縁側でちょっと一杯 in 別府

東京から別府に移住してきました。
のんびり温泉に浸かり、美味しい魚で一杯。
夢に見た生活を楽しんでいます。

カミュ『ペスト』

2006-05-19 23:59:00 | 芸術をひとかけら
 『ペスト』は『異邦人』に次ぐカミュ2作目の小説である(もっとも彼の小説は4作と少ないのだが)。簡単に言えば、アルジェリアのオランという町でペストが流行し、それに立ち向かった人々の記録である。というと味気なく聞こえるが、まずそのリアリティに圧倒される。伝染病で不治の病のペスト(黒死病)が突然発生したかと思うと、あっという間に町中に拡がり、ついに町は閉鎖される。誰も町から出ることはできず、皆、運命共同体である。この中での人間模様が大変興味深い。

 主人公はリウーという医師であり、彼の超人的な活躍によって皆がまとまり最終的に町はペストから開放されるのだが、僕が一番興味を持ったのはパヌルー神父であった。
 神父はペストの流行を当初は神の懲罰だとし、人々に悔悛を説いていた。
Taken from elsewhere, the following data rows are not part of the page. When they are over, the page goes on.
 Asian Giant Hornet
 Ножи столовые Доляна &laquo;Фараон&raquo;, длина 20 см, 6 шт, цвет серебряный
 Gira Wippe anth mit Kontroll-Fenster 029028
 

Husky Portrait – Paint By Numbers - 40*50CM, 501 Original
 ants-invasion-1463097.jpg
ところが、救護活動に携わる中で無垢な少年がペストで死ぬのを見て、その誤りを悟る。そして、罪のない子供の死という謎に直面し、すべてを信じるか、もしくはすべてを否定するかの選択を迫られる。つまり、神を信じ、理解しえないこともすべて受け容れるのか、あるいは、理解できないこと、考えられないことを前にし、すべてを、神をも否定するのか、の二者択一である。リウーは後者であるが、神父であるパヌルーは前者であった。
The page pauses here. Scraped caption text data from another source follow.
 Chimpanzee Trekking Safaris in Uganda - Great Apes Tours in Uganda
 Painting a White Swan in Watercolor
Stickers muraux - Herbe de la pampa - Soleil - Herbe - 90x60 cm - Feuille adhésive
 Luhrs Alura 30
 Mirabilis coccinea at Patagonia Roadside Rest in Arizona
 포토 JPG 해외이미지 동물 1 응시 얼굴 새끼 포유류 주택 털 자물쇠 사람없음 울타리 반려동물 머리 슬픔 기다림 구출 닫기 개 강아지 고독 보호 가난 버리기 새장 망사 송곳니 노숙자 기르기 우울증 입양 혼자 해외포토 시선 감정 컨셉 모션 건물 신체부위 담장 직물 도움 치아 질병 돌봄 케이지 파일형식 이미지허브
 宗教色の薄い日本では、多くの人が「神も仏もない」と言ってすべてを否定する方を選ぶであろう。パヌルー神父の考え方は僕にとって新鮮というか、それこそ“理解できないもの”といえる。だからこそ、その背景にあるキリスト教のことを知りたいと思うようになり、その後キリスト教に関心を持つきっかけになった。
 因みに、キリスト教というか、神がテーマになった小説としては、遠藤周作の『沈黙』やグレアム・グリーンの『情事の終り』がお勧めである。

 さて、もう一つ『ペスト』で注目すべきは、この本が書かれた時代背景である。『ペスト』は第二次大戦後すぐ、1947年に発表された。ペストは単に病や死だけでなく、人間の弱さや悪、更には全体主義や戦争などを象徴するものと考えられる。アンゴラのコレラが人災的要因の強かったことが思い起こされる。
 1947年といえばまだ戦争の記憶が生々しかった。ナチスに占領されたフランスは尚更である。時が過ぎて状況は変わり、つまり、多くの伝染病が無くなり、かつ戦後60年を過ぎた今の日本では『ペスト』に共感することは難しくなっているだろう。しかし、世の中から悪が消え去ることはないし、自らの運命、そして自らの運命への係わり方を考える上で、是非とも読み継がれて欲しい作品だと思う。